On Mon, Jul 01, 2019 at 01:18:47PM -0700, Shakeel Butt wrote:
> On production we have noticed hard lockups on large machines running
> large jobs due to kswaps hoarding lru lock within isolate_lru_pages when
> sc->reclaim_idx is 0 which is a small zone. The lru was couple hundred
> GiBs and the condition (page_zonenum(page) > sc->reclaim_idx) in
> isolate_lru_pages was basically skipping GiBs of pages while holding the
> LRU spinlock with interrupt disabled.
> On further inspection, it seems like there are two issues:
> 1) If the kswapd on the return from balance_pgdat() could not sleep
> (i.e. node is still unbalanced), the classzone_idx is unintentionally
> set to 0 and the whole reclaim cycle of kswapd will try to reclaim
> only the lowest and smallest zone while traversing the whole memory.
> 2) Fundamentally isolate_lru_pages() is really bad when the allocation
> has woken kswapd for a smaller zone on a very large machine running very
> large jobs.

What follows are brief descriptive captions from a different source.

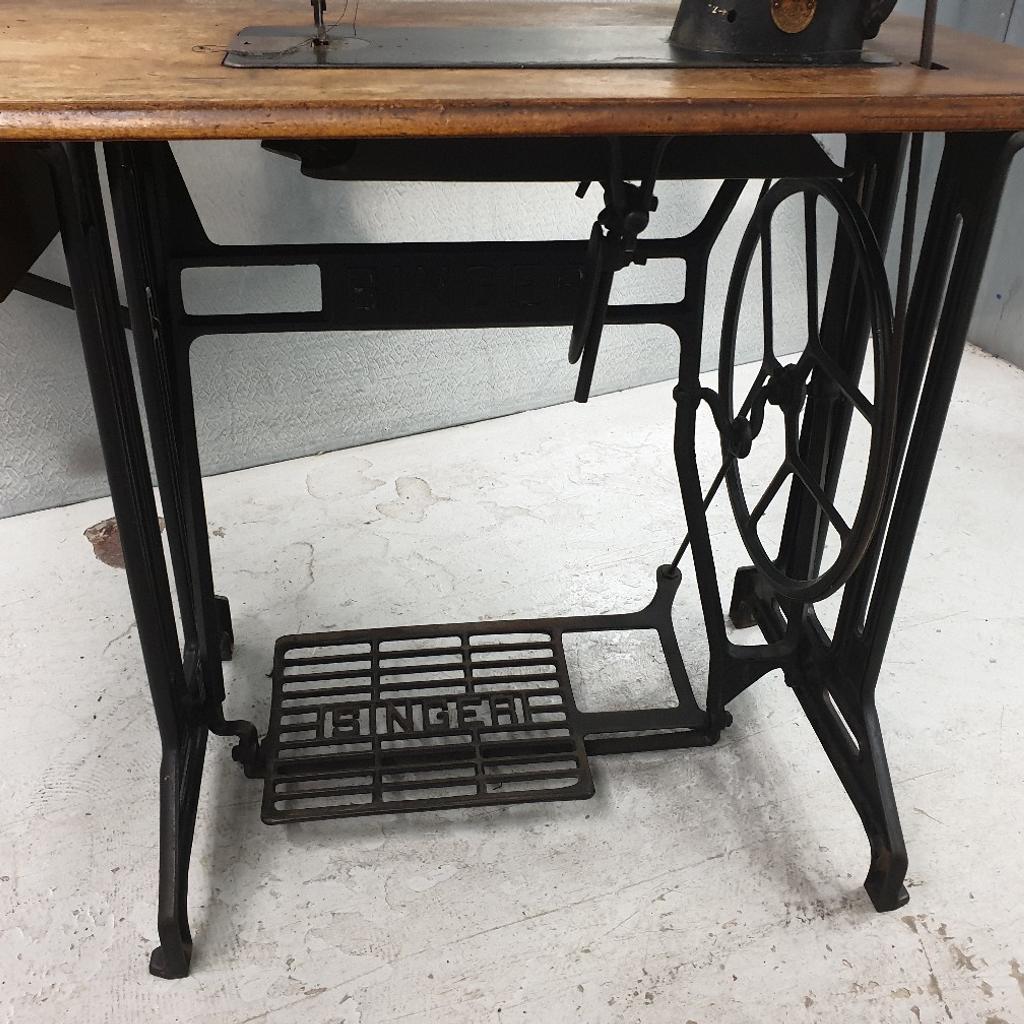 SINGER 31K HEAVY DUTY SEWING MACHINE & TABLE in DY8 Dudley für 150,00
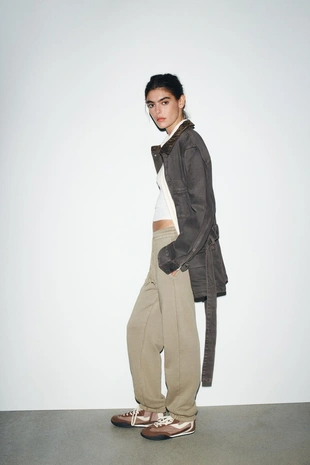 Джоггеры из мягкой ткани с эффектом потертости- Заказать в России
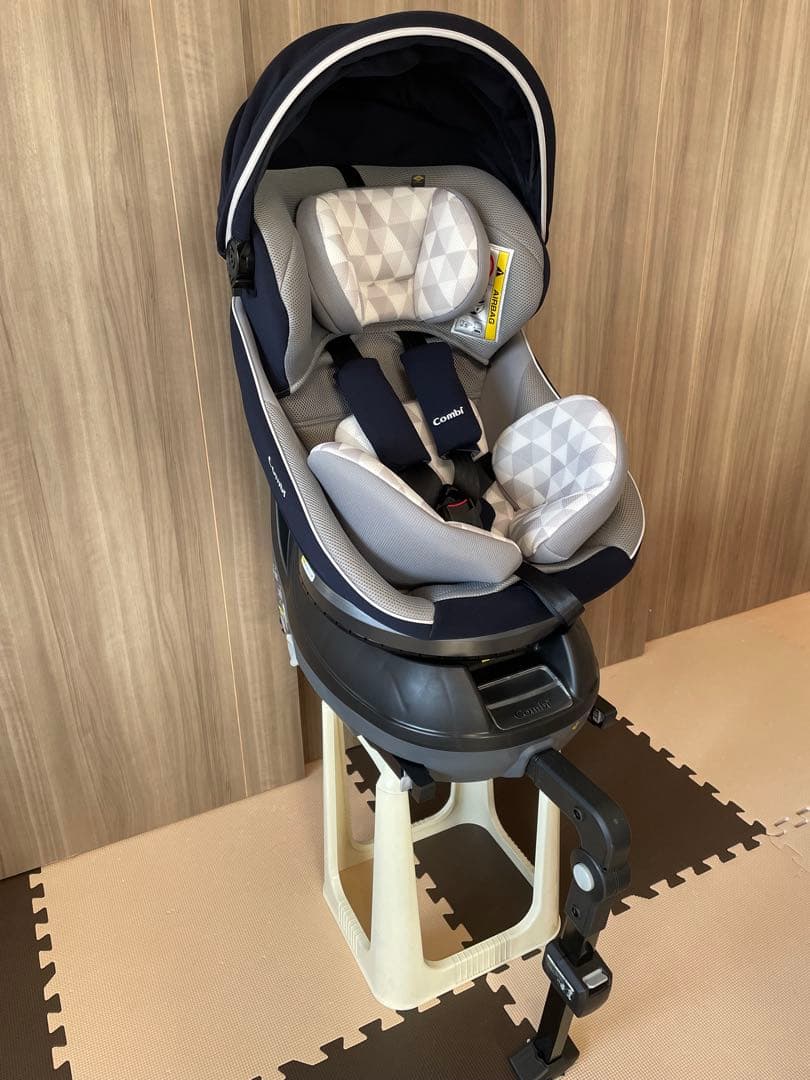 CombiクルムーヴスマートISOFIX エッグショックJN-570 ネイビー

It can hoard the LRU spinlock while skipping over 100s of
> GiBs of pages.
> This patch only fixes the (1). The (2) needs a more fundamental solution.
> To fix (1), in the kswapd context, if pgdat->kswapd_classzone_idx is
> invalid use the classzone_idx of the previous kswapd loop otherwise use
> the one the waker has requested.
> Fixes: e716f2eb24de ("mm, vmscan: prevent kswapd sleeping prematurely
> due to mismatched classzone_idx")
> Signed-off-by: Shakeel Butt <shakeelb@xxxxxxxxxx>

Acked-by: Mel Gorman <mgorman@xxxxxxxxxxxxxxxxxxx>

Mel Gorman